Hans vs Satria

10.1K 1K 57
                                    

Rindy mengalami demam tinggi saat menjelang fajar, Mungkin reaksi obat yang ia minum sebelum ia tidur dalam pelukan Hans, kini sudah hilang.

Dengan telaten Hans, mengompres Rindy dengan handuk hangat.

Ia memandang wajah pucat dengan mata terpejam itu dengan pandangan tersiksa, ia seperti merasakan apa yang dirasakan gadis itu. Bahkan mungkin dua kali lebih parah dari apa yang dirasakan Rindy.

Kenapa? ia pun tidak mengerti hanya saja perasaan ingin melindungi gadis itu begitu kuat menguasai hatinya.

****

Rindy bukan gadis lemah, sesungguhnya luka seperti ini belum seberapa baginya. Dia pernah mengalami kecelakan yang lebih parah dari ini. Dan Rindy baik-baik saja.

Kekhawatiran Hans padanya, ia anggap sebagai kekhawatiran yang sungguh sangat berlebihan. Walau pagi ini dia merasa kepalanya sedikit pusing. Mungkin minum obat pereda nyeri yang dikasih si dokter semalam bisa meringankan, pikirnya.

Ia terlonjak saat membuka matanya dan mendapati kepalanya berbantalkan dada kekar milik Hans. Huh pantes aja nyaman banget. Batinnya, tapi sakit kepalanya butuh obat pereda rasa nyeri itu segera.

Akhirnya, walaupun sesungguhnya ia enggan tapi dengan perlahan ia pun bangkit juga dari tempat tidur paling nyaman yang pernah ia rasakan seumur hidupnya. Hans pun ikut bangkit saat melihat Rindy menegakkan tubuhnya, lalu duduk dengan pandangan menatap Rindy.

"Kamu gak tidur, Hans?" tanya Rindy, saat matanya terbuka sempurna dan menangkap sosok Hans yang saat itu duduk dengan tubuh menghadap ke arahnya.

"Aku di sini sedang menjagamu, dan tentu saja aku tidak boleh tidur," jawab Hans, dengan kembali menunjukan sikap sok dingin dan sinisnya.

Mmmmhh kemana perginya Hans yang semalam mengkhawatirkanku?

"Tiduran saja dulu, aku akan carikan sarapan supaya kamu bisa minum obat!" ujar Hans.

"Kalau begitu, makasih," ucap Rindy, diakhiri dengan senyuman yang dia buat semanis mungkin untuk Hans.

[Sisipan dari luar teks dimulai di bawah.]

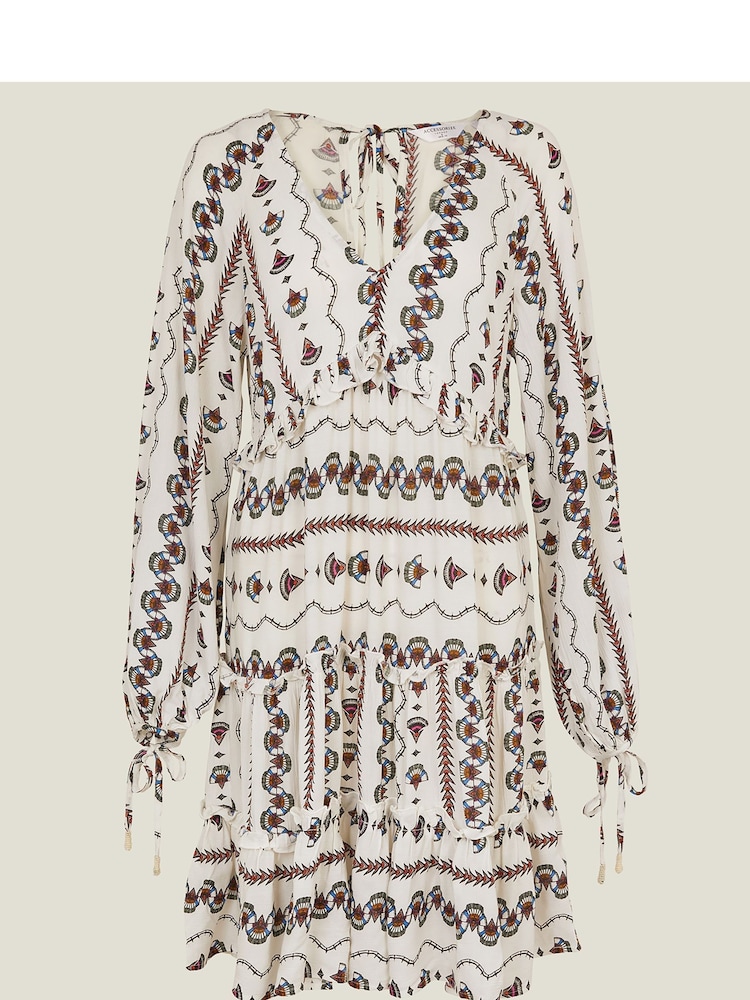 Accessorize White Fan Short Tiered Dress - Image 4 of 4 Accessorize White Fan Short Tiered Dress - Image 4 of 4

"Jangan bilang makasih terus! Aku bosan dengarnya, sekarang katakan mau makan apa?"

Walau kata-kata Hans bernada jengkel seperti biasa, tapi kali ini Rindy melihat ada sedikit senyum di bibir sexynya itu.

Hans memang punya bibir yang bagus, berwarna coklat muda, karena dia tidak merokok, bentuknya tidak terlalu tebal dan juga tidak terlalu tipis tapi tegas dan bikin Rindy senyam-senyum gak jelas saat melihatnya.

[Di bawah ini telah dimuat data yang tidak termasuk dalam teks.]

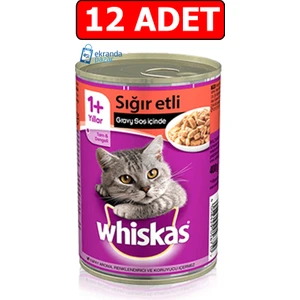 Sığır Etli Kedi Konserve Yaş Kedi Maması 400 gr 12 Adet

Sayang dia gak suka cewek, tapi kecupannya semalam bikin aku bingung juga tuh... Keluh Rindy dalam hati.

"Emmm apa ya? Bubur ayam kayanya enak!" jawab Rindy dengan pandangan tetep fokus pada bibir tegas itu, ah... Sepertinya kepala Rindy, sedang bener-bener butuh obat  saat ini

"Akan aku carikan," timpal Hans dan ia pun mulai bangkit berdiri, lalu tanpa berkata lagi ia pergi meninggalkan Rindy.

"Hans? Kenapa disini? Mana Rindy?"

"Mati aku!!!" bisik Rindy, saat mendengar suara cempreng nenek sihir, pemilik rumah kos-kosannya.

"Wah... Pasti si ibu kos mau nagih uang sewa kosan, tapi bukan itu masalahnya, masalah utamanya adalah dia pasti lihat Hans sepagi ini keluar dari kamar kosanku. Aduhh.. ini sih gawat... Kayanya kiamat emang sudah dekat nih..." kata Rindy bicara sendiri.

Lalu dengan cepat ia pun segera keluar dari kamarnya dengan membawa lima lembar uang seratus ribuan untuk bayar uang sewa kosan.

''Mudah-mudahan aja aku gak kena omel kalau aku sumpal mulut cemprengnya ama ni duit. Beruntung ATM gak ngantri kemaren, jadi aku gak nunda ambil uang gajiku," katanya pada diri sendiri.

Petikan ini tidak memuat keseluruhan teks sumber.